Aim of the task = Write the data out again exactly, with no pictures.

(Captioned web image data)
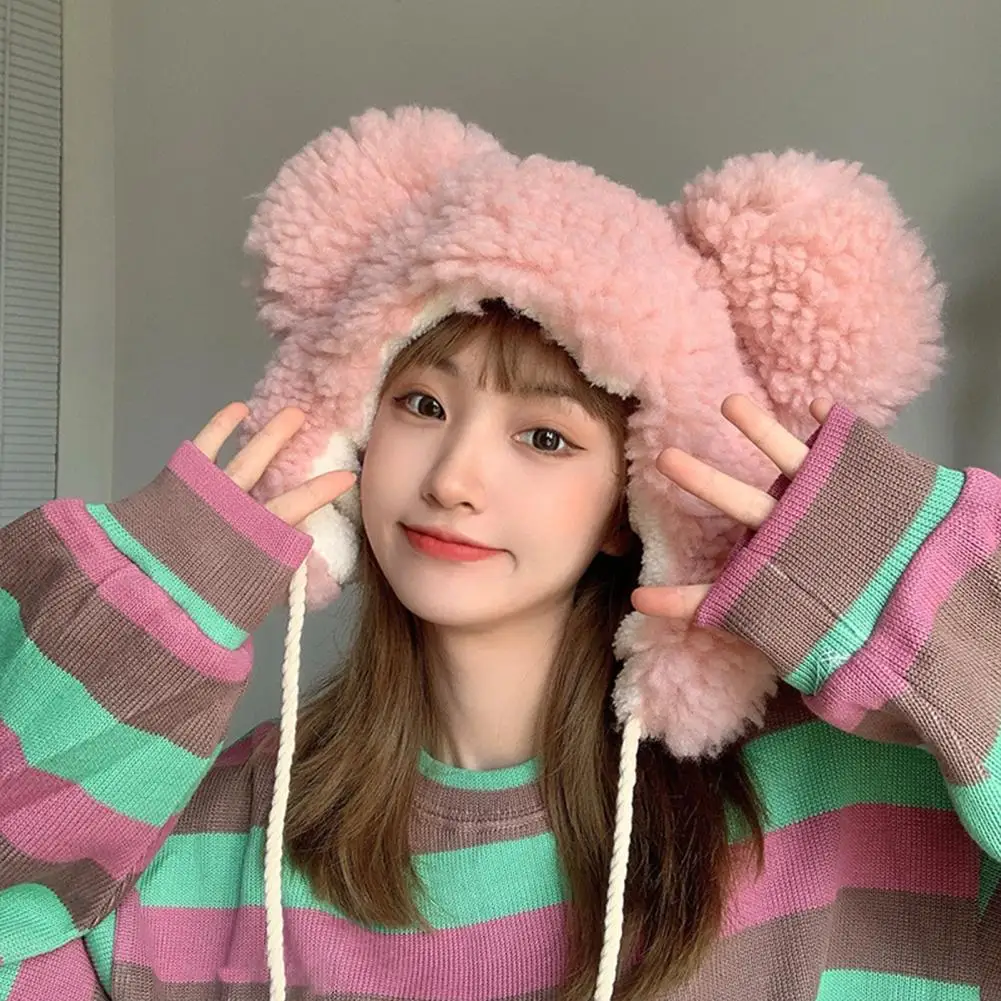 Women Winter Hat Unisex Cartoon Thicken Bear Head Shape Windproof Cap Photo Props Bear Ears Women Men Beanie Women Headwear 3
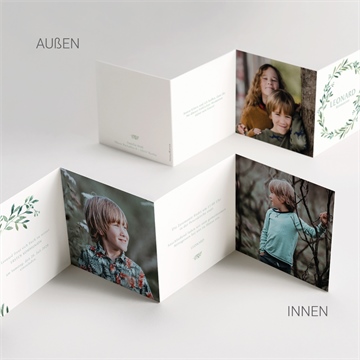 Einladung Kommunion blätter und vergoldung-kordel - vue 4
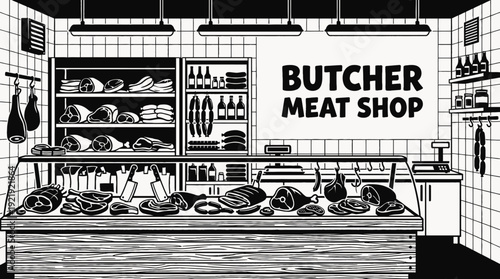 butcher meat food shop interior store counter shelf fresh display customer retail market product commerce business design vector illustration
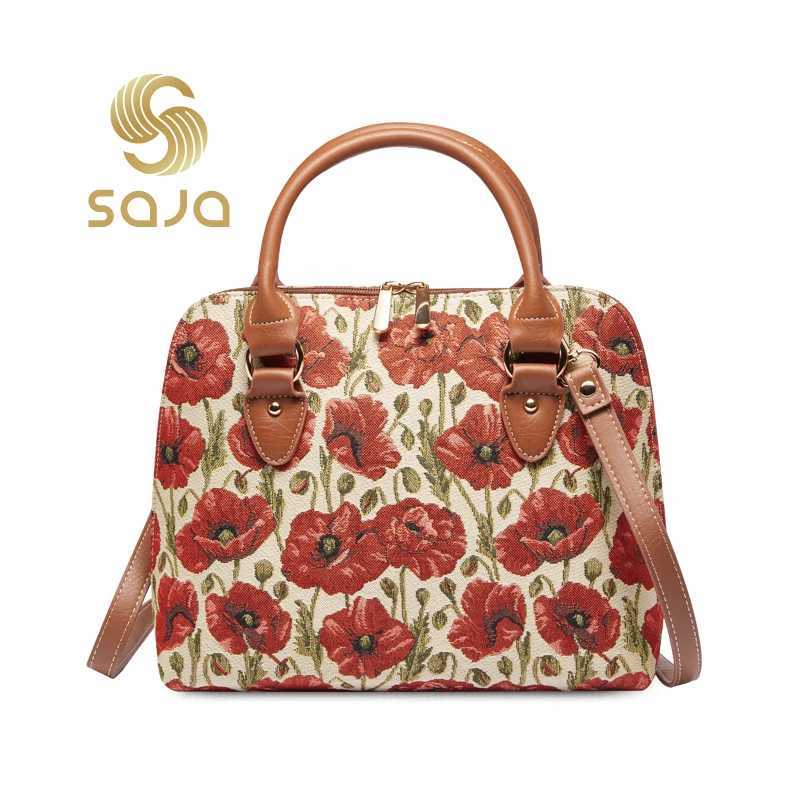 SAJA Tapestry Top-Handle Bags Womans Handbag Shoulder bag Crossbody Bag Satchel Bag Messenger Bag for ladies office Red Poppy Z250303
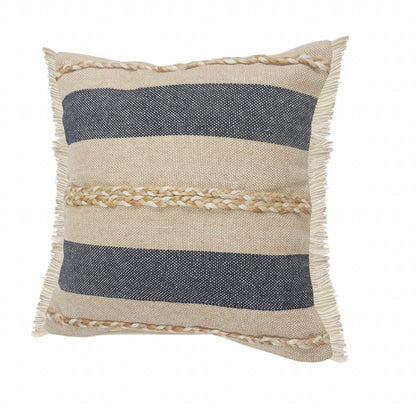 20" X 20" Denim Blue Tan And Taupe Jute Coastal Zippered Pillow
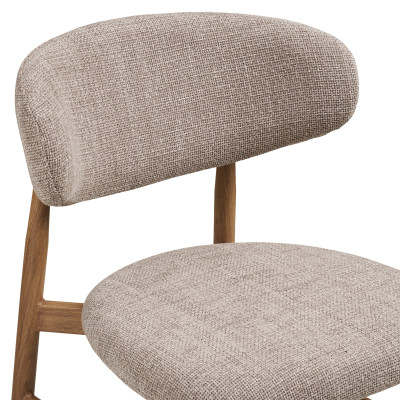 MYA-Sgabello in tessuto tortora e metallo effetto rovere (x2)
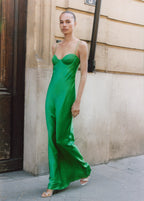 Satin Effect Dress With Corset Neckline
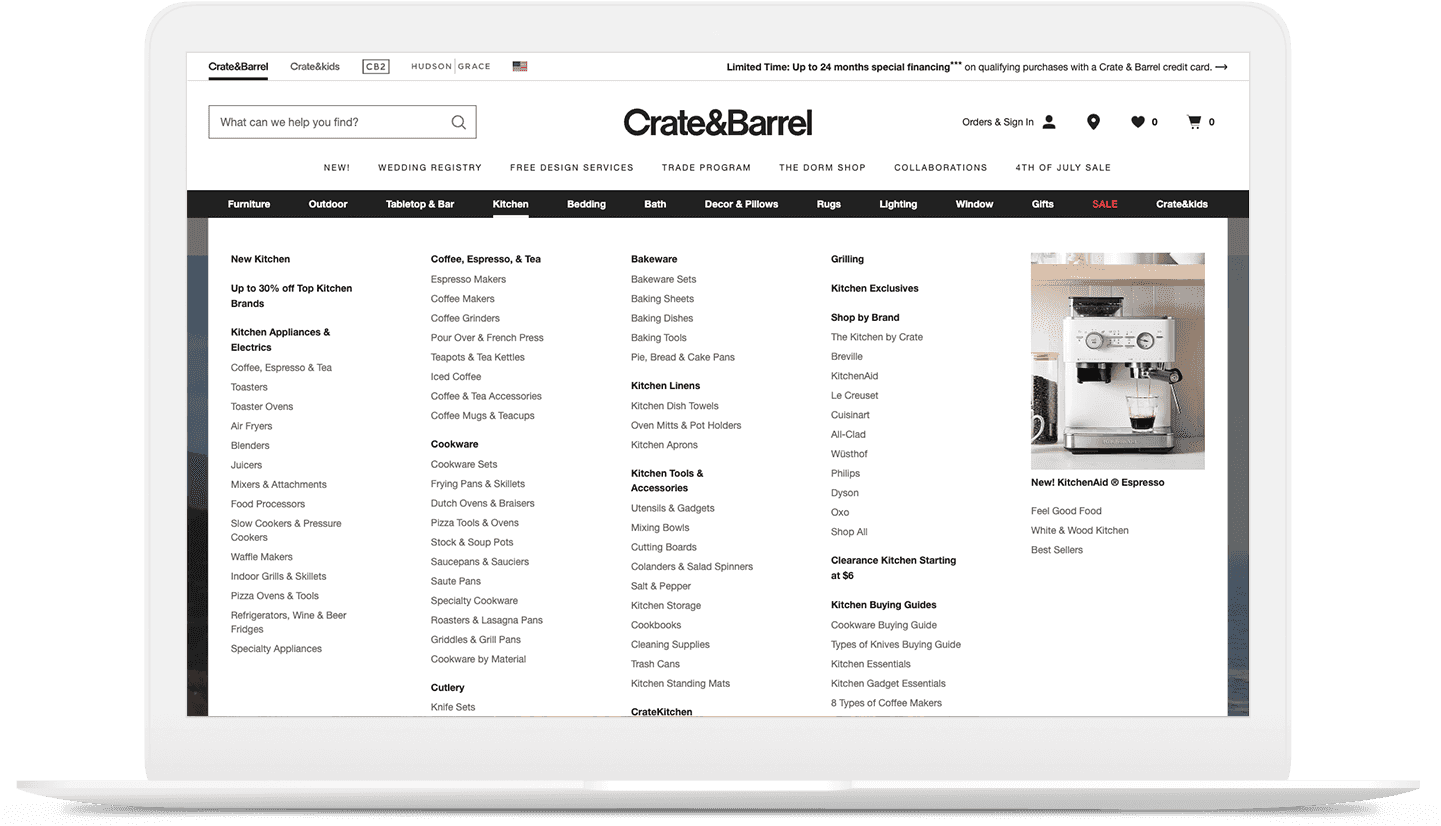 Crate & Barrel Categories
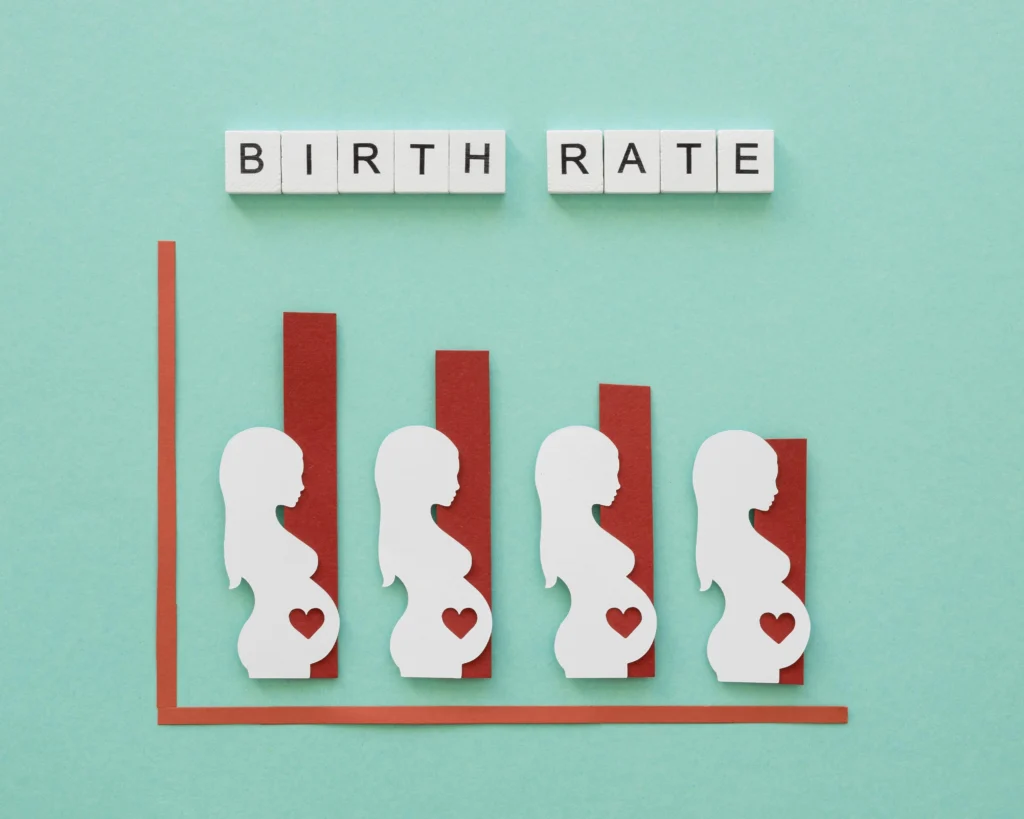 population growth illustrated with diverse people icons and world map"
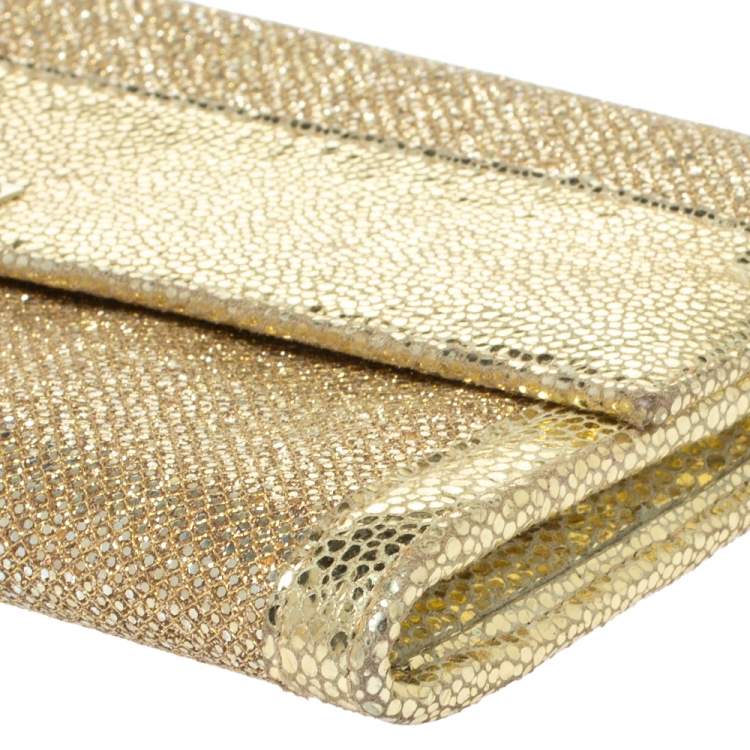 Pre Owned Jimmy Choo Metallic Gold Glitter and Patent Leather Reese Flap Clutch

Exercise output =
 Women Winter Hat Unisex Cartoon Thicken Bear Head Shape Windproof Cap Photo Props Bear Ears Women Men Beanie Women Headwear 3
 Einladung Kommunion blätter und vergoldung-kordel - vue 4
 butcher meat food shop interior store counter shelf fresh display customer retail market product commerce business design vector illustration
 SAJA Tapestry Top-Handle Bags Womans Handbag Shoulder bag Crossbody Bag Satchel Bag Messenger Bag for ladies office Red Poppy Z250303
 20" X 20" Denim Blue Tan And Taupe Jute Coastal Zippered Pillow
 MYA-Sgabello in tessuto tortora e metallo effetto rovere (x2)
 Satin Effect Dress With Corset Neckline
 Crate & Barrel Categories
 population growth illustrated with diverse people icons and world map"
 Pre Owned Jimmy Choo Metallic Gold Glitter and Patent Leather Reese Flap Clutch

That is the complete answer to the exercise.